[Your assignment]: Within the listing, how many lines hold the word "room"? Give the number by itself.

── Records for processing

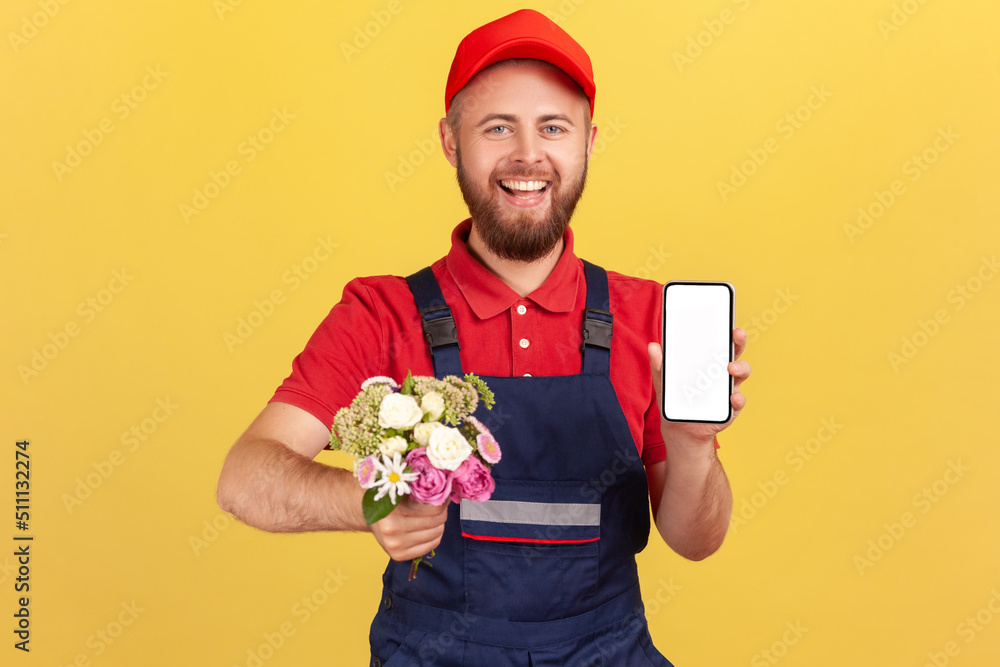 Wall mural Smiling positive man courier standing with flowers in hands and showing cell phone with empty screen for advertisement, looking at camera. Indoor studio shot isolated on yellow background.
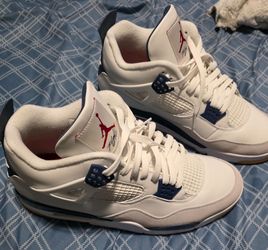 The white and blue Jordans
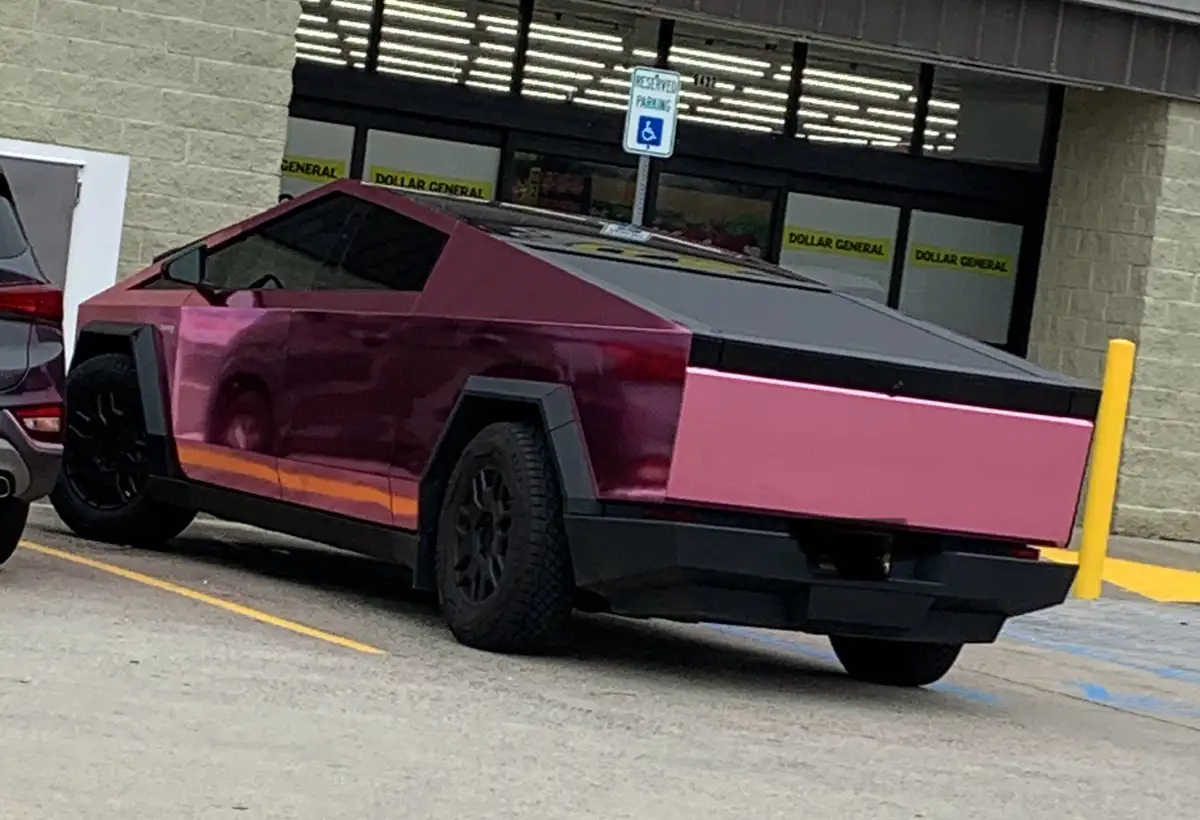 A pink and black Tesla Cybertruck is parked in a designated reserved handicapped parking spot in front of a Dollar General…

────
── Records for processing

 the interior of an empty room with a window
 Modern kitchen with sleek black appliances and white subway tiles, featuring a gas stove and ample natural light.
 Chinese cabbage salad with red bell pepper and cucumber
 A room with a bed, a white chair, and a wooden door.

────
── Records for processing

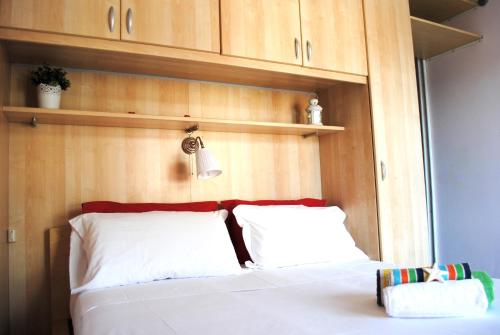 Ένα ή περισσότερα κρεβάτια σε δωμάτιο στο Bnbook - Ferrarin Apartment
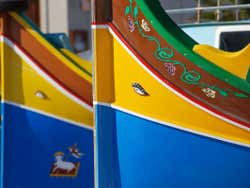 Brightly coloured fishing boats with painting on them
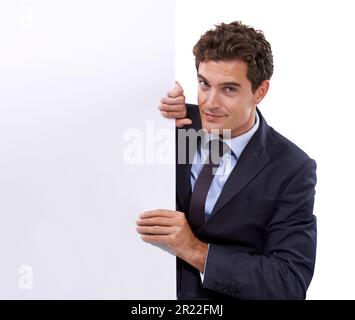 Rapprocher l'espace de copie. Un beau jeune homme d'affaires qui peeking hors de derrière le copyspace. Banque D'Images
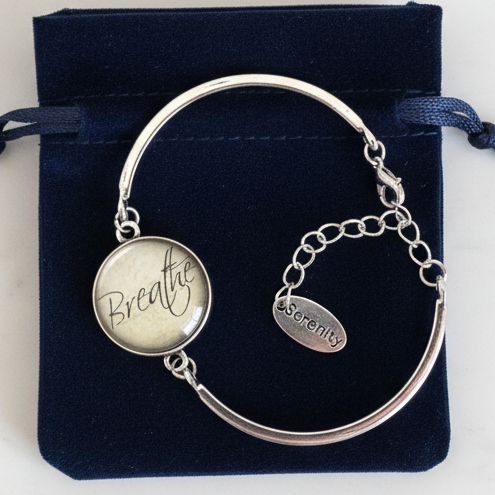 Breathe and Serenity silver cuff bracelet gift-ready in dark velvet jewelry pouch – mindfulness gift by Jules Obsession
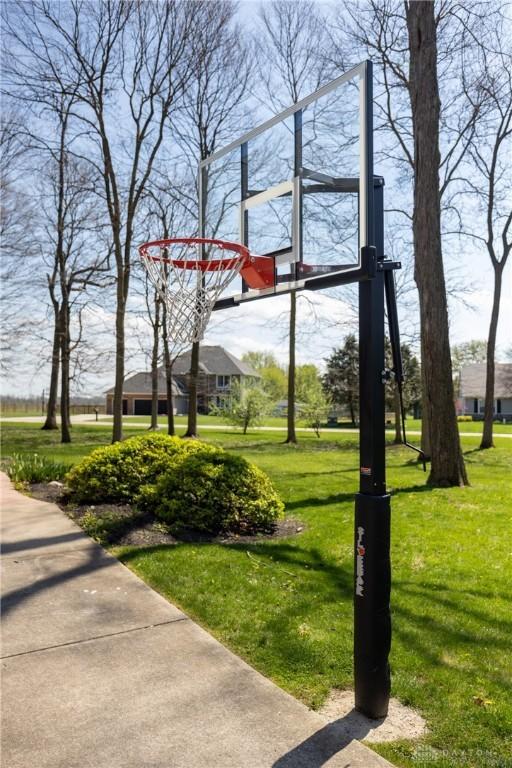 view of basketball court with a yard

────

[Solution below]: 2